The challenge of managing a highly distributed architecture

Modern microservice architectures have some advantages over monolithic architectures in terms of improved separation of concerns, scalability, and developer velocity. However, one of the greatest challenges that comes with a microservices architecture is  maintaining a homogeneous set of standards that transcends service boundaries. Such standards are usually not about how services are implemented, but more about how they communicate with each other. Such standards include:

  • Service discovery and load balancing: It is important for all services to agree on how they will discover each other’s addresses and balance the load among these addresses. For instance, a rule stating that service discovery is DNS-based, and load-balancing happens on the client side, eliminates the server-side load balancer bottlenecks, but the rule needs to be enforced.
  • Enforcement of reliability guardrails: A service should have the right to dictate how it wants its clients to behave in terms of timeouts, retries, and circuit breaking criteria. These guardrails ensure that outages are isolated, and that recovery is fast.
  • Cross-service context propagation: A user request usually comes with headers that carry important information and should be visible to all services involved in fulfilling that request. Headers with global semantics are assumed to be propagated by all clients to their outgoing requests to other services.
  • Service-to-service authentication: All clients across all services are assumed to comply with a global standard in terms of how to authenticate to their dependency services. This global standard is usually ratified by a security team, and its automation mitigates security breaches.
  • Observability of communication: All clients are assumed to instrument the same metrics and log the same information about outgoing requests and their responses.

How can client-service communication standards be enforced?

One way to try to enforce these standards is to document them well and rely on engineers to implement them in the services they own, and to verify them in code reviews. However, engineers make mistakes, which can cause severe consequences. Additionally, relying primarily on teams to enforce standards is not practical when teams should be focused on building new features. 

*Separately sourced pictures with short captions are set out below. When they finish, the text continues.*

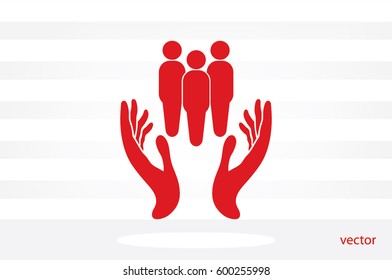 People in the hands, vector illustration icon EPS 10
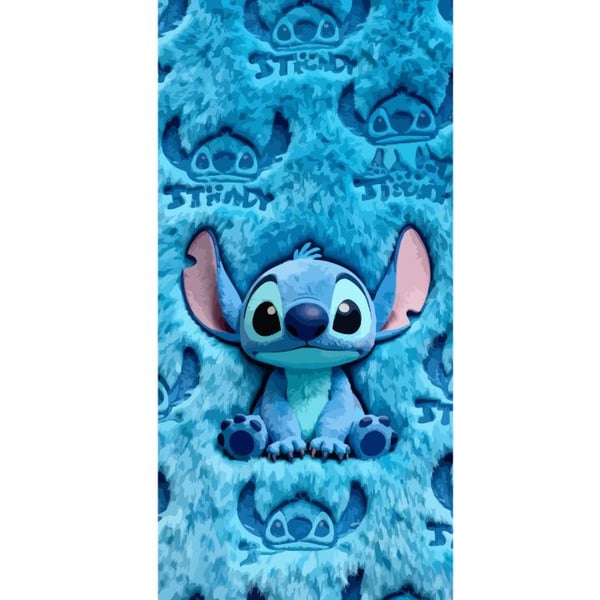Yhteensopiva Lompakkokotelo Apple iPhone 13 Pro Stitch istuu pörröisen sinisen kuvion päällä, jossa hänen kasvonsa ja korvansa toistuvat tekstuurina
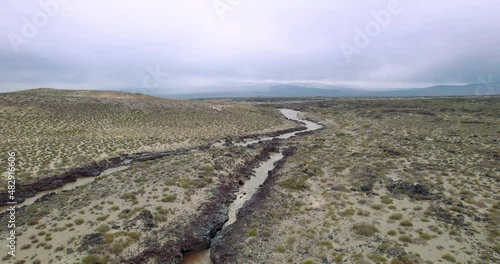 Payunia, Mendoza. Aerial View of Payunia. Cloudy day over the natural reserve located in the province of Mendoza, Argentina.
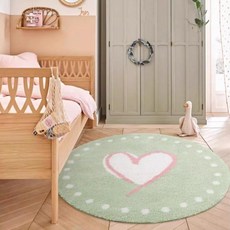 Poowe ABC 원형 어린이 러그 교육용 러그 인조 울 알파벳 아기 크롤링 매트 활동 센터피스 플레이 매트 - 남아 여아 침실 놀이/게임 룸을 위한 이상적인 선물 라운드, Round 47.2", Sweet Heart-green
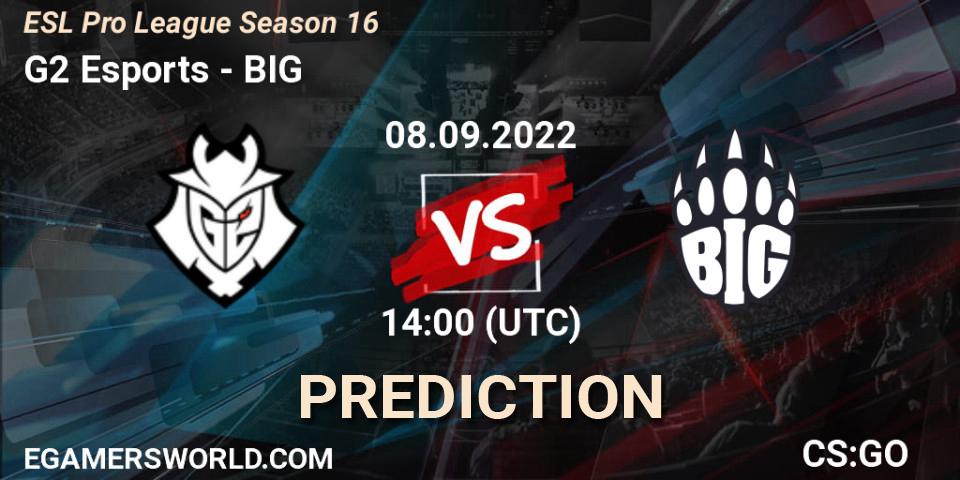 Prognoza G2 Esports - BIG. 08.09.22, CS2 (CS:GO), ESL Pro League Season 16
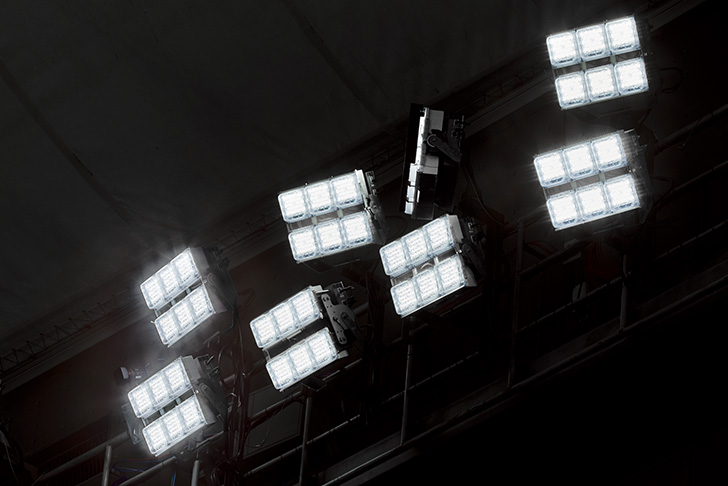 High luminous flux (86,000 lm) LED floodlights with added DMX control. 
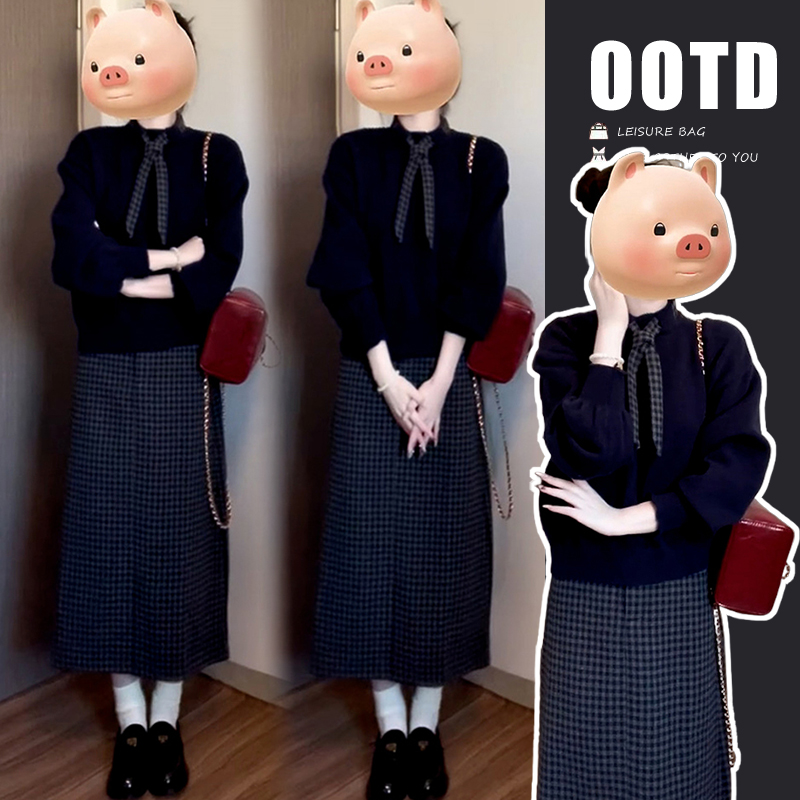 洋气慵懒风孕妇装2025新款爆款针织毛衣时尚套装格纹半身裙两件套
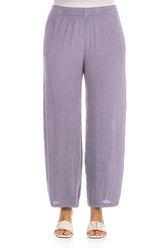 Straight Cropped Lavender Silk Viscose Trousers 1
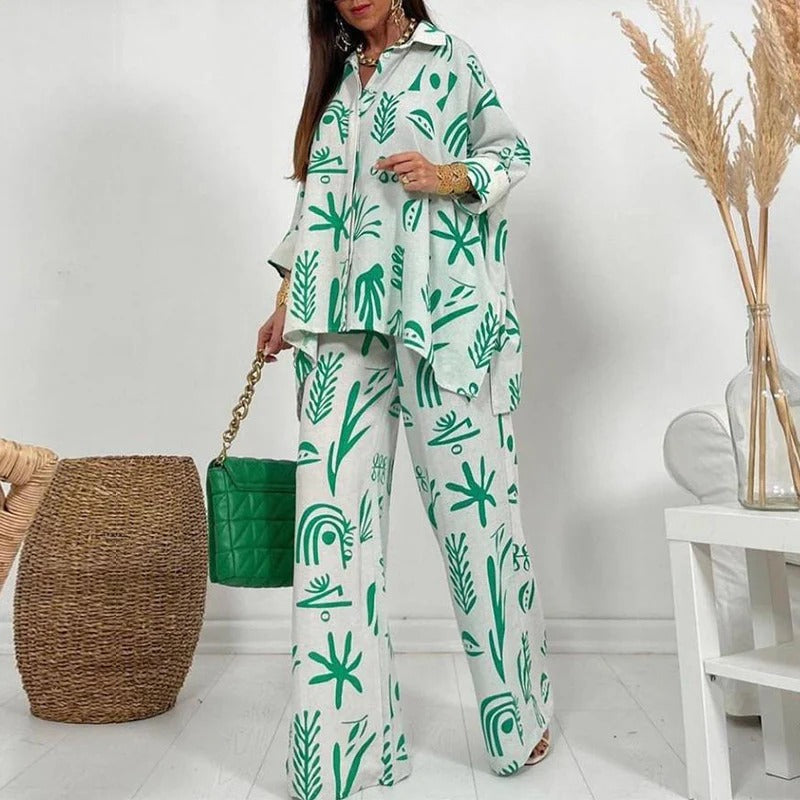 Women’s Two-Piece Set – Relaxed Fit – Breathable Fabric – Wide-Leg Pants – Button-Down Top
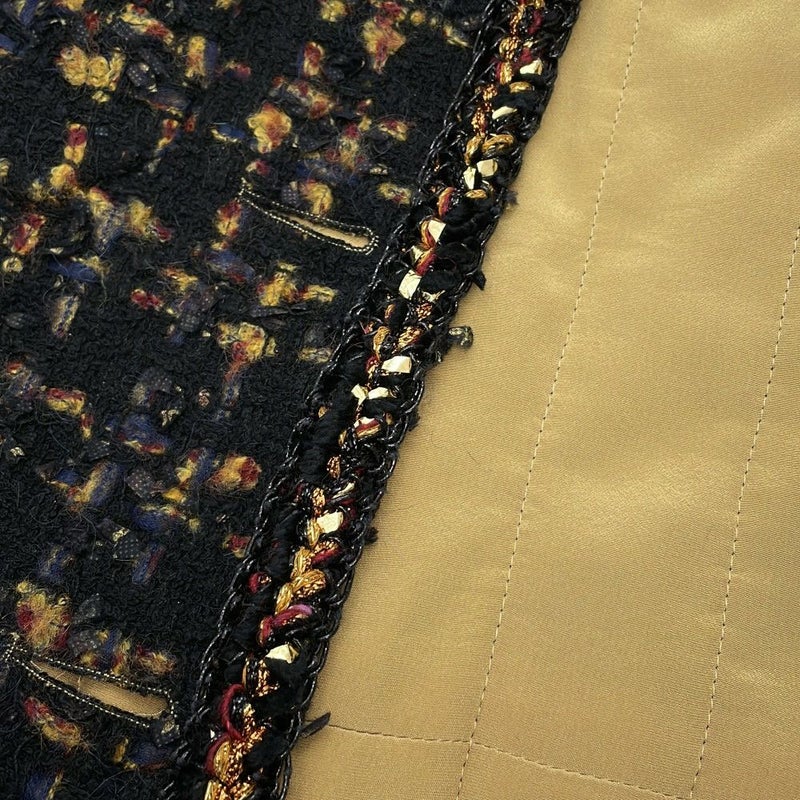 シャネル セットアップ ノーカラージャケット サイズ36 スカート サイズ38 ツイード グリポアボタン P61915V47013 黒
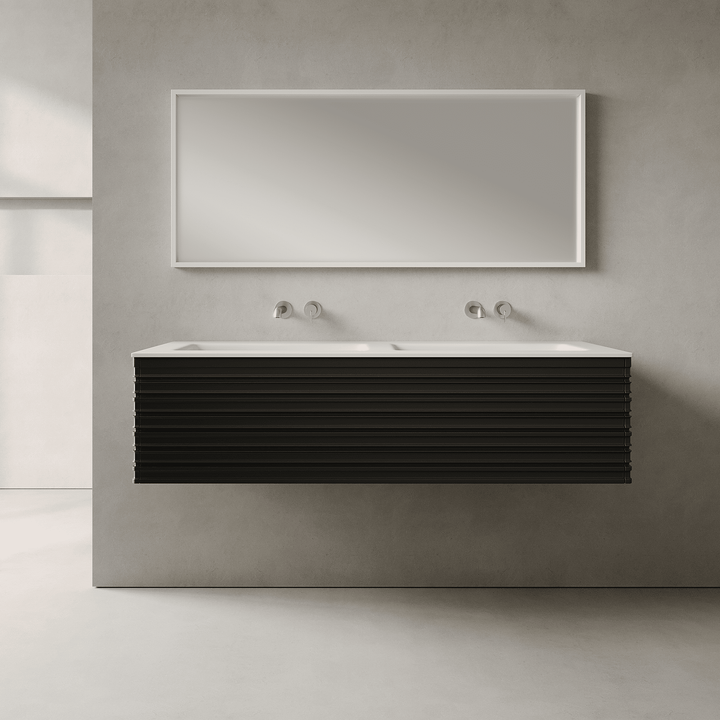 Rivara Silk Black 1400mm Vanity Unit - Single Drawer with Double Basin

Another way to enforce these standards is to bake them right into the protocol client library. This dramatically decreases the cognitive load needed for service owners to integrate their services, virtually eliminating the odds of making mistakes, which adds a huge boost to reliability and developer velocity.

Enforcing reliability guardrails in the client library

After a number of outages and service failures, DoorDash turned its focus to cross-service reliability guardrails. These past outages were either caused or amplified by service clients behaving inappropriately during an incident. Examples include:

  • A client has a request timeout set arbitrarily long, causing client thread saturation when the service is going through an incident.
  • A client persistently retries failing requests when it should back off, overwhelming the service when it is trying to recover.
  • A client keeps on sending requests when the service is evidently failing across the board, instead of breaking the circuit and failing fast, causing cascading failures.

The ideal solution is to build a client library that seamlessly enforces client-service reliability guardrails. This library must give services the ability to define the reliability behavior of the clients that call them. This is done by configuring the parameters of the clients’ timeouts, retry strategy, and circuit breakers.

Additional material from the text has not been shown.